Introduction
The future of the micro controller mostly depends on the machine learning in embedded system. The cloud computing has intelligence of the machine learning but it is not useful for the real time applications. The intelligence could be shifted to the edge devices partially still network will suffer problems like latency, security, power and bandwidth costly communication. The next level is to transfer intelligence to the end device which has sparse resources. The implementation of the machine learning and DSP algorithms efficiently in embedded system without loss of accuracy. This paper will show the hardware and software solutions to overcome the challenges faced when porting the machine learning algorithms.
Machine Learning
The machine learning computation is possible due to the machine has become powerful due to VLSI technology. Machine learning has been useful in IOT and embedded applications. Machine learning algorithms are useful in systems deployed in the dynamic environment, handling large data which is increasing day by day due to increase in number of IOT devices, data traffic monitoring and useful in security of the data. Machine learning algorithms like CNN, RNN, linear regression are useful in applications like image classification, speech recognition and natural language processing.
Challenges
Challenges in implementation of ML and DSP algorithms on embedded system are as follows.
The above image shows the challenges of execution time(performance), memory, power consumption, accuracy, health , reliability and scalability.
The trade off also present between some factors like performance and power consumption depending on the clock frequency.
Hardware solutions
Machine learning and DSP algorithms has some common operations that can have high performance like MAC operation having efficient MAC engine.
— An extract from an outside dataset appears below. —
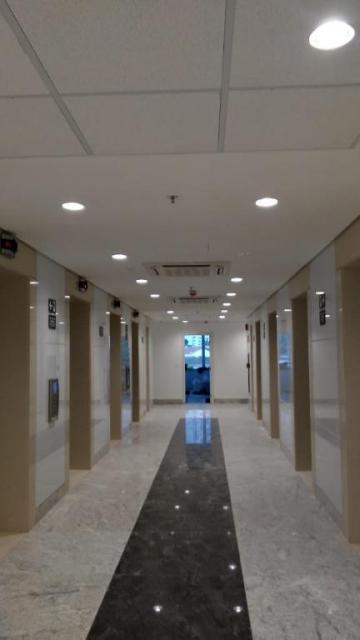 imagem 2 - Comercial - Sala em condomínio imagem 2 - Comercial - Sala em condomínio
The some of the hardware solutions mentioned below :
1. ASIC + Microcontroller
To increase the performance of the system , application specific hardware and microcontroller can be used together.
2. SOC implementation
The implementation of hardware accelerators, processor on FPGA device.
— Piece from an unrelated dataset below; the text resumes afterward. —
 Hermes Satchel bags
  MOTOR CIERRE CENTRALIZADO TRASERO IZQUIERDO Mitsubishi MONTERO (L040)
3. Technological Developments
1. 2D GPU (Graphical Processor Unit)
2. Helium Technology
3. DAM support 4.Hardware accelerators : TCM, Security IPs
5.Neural Processing Unit, FPU(floating point unit), DSP unit
6.Faster memories : SSD
The above mentioned are some of the hardware solutions to minimise the challenges of implementation. The hardware solutions by ARM are recently launched ARM CORTEX- M55 processor and Neural processing unit Ethos-U55. The overall performance of these solution are shown below
CORTEX-M55
ARM developed AI capable processor CORTEX-M55 recently with some architecture design considering the AI and DSP applications at end devices. The following image shows the features included in the CORTEX-M55.
NPU: Ethos-U55
ARM developed neural processing unit(NPU) which is high performance and configurable hardware of the machine learning operators that are present in most of the ML algorithms. The following image shows the features included in this NPU.
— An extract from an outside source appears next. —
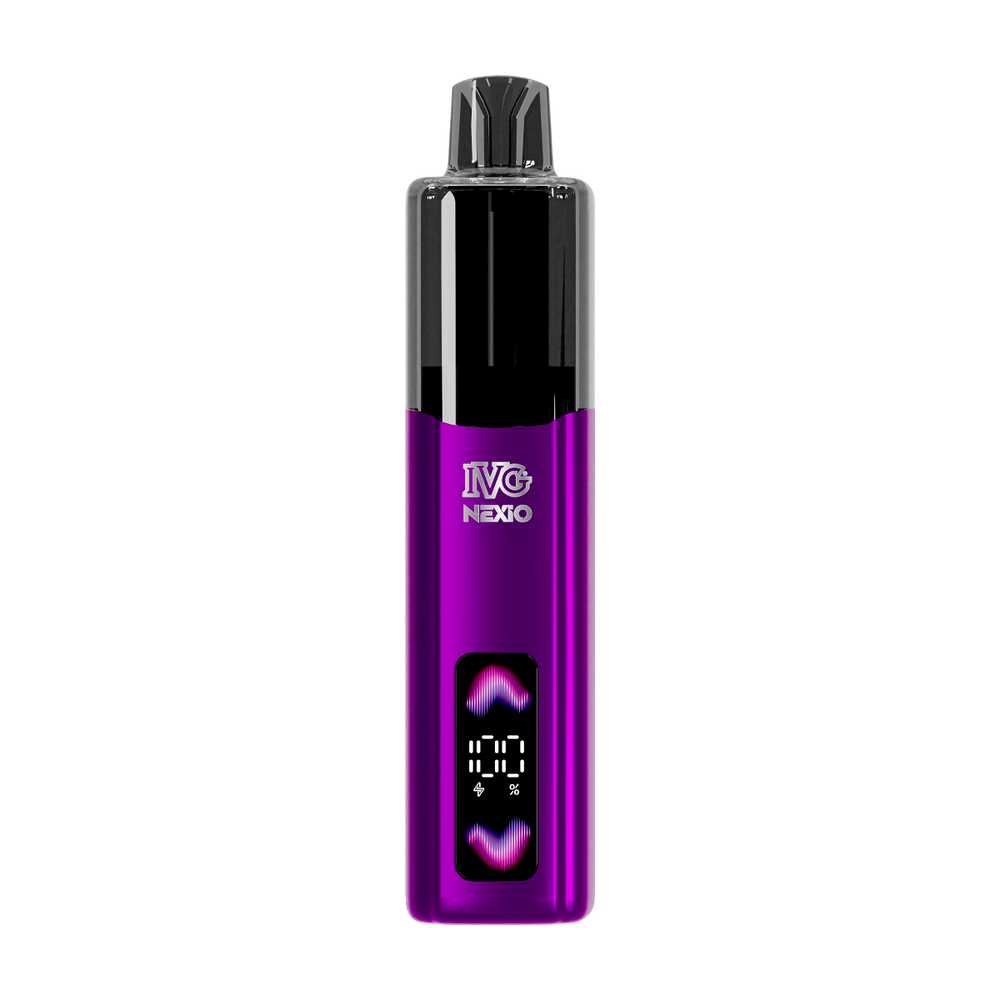 IVG Nexio Kit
The flow of the ML implementation using CORTEX-M55 and Ethos-U55 at end devices shown below.
Software solution : CMSIS-NN
There many software solution like Tensorflow Lite for ML, CMSIS-NN library,unified software development of Embedded code, DSP code and Neural network model. This paper will discuss the architecture of the CMSIS-NN for ML.
CMSIS-NN Architecture
CMSIS-NN is a collection of efficient neural network kernels developed to maximise the performance and minimise the memory footprint of neural network on ARM Cortex-M processor cores targeted for intelligent IoT end and edge devices.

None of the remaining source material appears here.